O Ministério Público afirma que não houve:

  • 🚔 busca ativa para localizar a criança;
  • 🏥 acionamento da rede de saúde;
  • 🤝 mobilização da assistência social;
  • 👮 comunicação às forças de segurança;
  • 📑 registro adequado das providências adotadas.

Para o promotor responsável pelo caso, diante da gravidade das informações recebidas, essas medidas eram indispensáveis para proteger a criança.


💔 Sophia chegou à UPA com sinais extremos de violência

Sophia Emanuelly morreu após dar entrada em uma Unidade de Pronto Atendimento de Ribeirão Preto.
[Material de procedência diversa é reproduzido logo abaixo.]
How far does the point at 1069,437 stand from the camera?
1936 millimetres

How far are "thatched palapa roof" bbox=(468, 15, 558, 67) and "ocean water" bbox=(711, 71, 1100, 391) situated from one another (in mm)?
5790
Segundo as investigações, a menina apresentava:

  • desnutrição grave;
  • múltiplas lesões pelo corpo;
  • fraturas;
  • edema cerebral;
  • sinais compatíveis com esganadura.

A causa da morte foi identificada como asfixia mecânica, conforme apontam os laudos periciais.


🔒 Avô e companheira aguardam julgamento

O avô materno da criança, José dos Santos, e sua companheira, Karen Tamires Marques, foram denunciados pelo Ministério Público pelos crimes de tortura e homicídio qualificado.

Os dois permanecem presos preventivamente enquanto aguardam a decisão da Justiça sobre o envio do processo ao Tribunal do Júri.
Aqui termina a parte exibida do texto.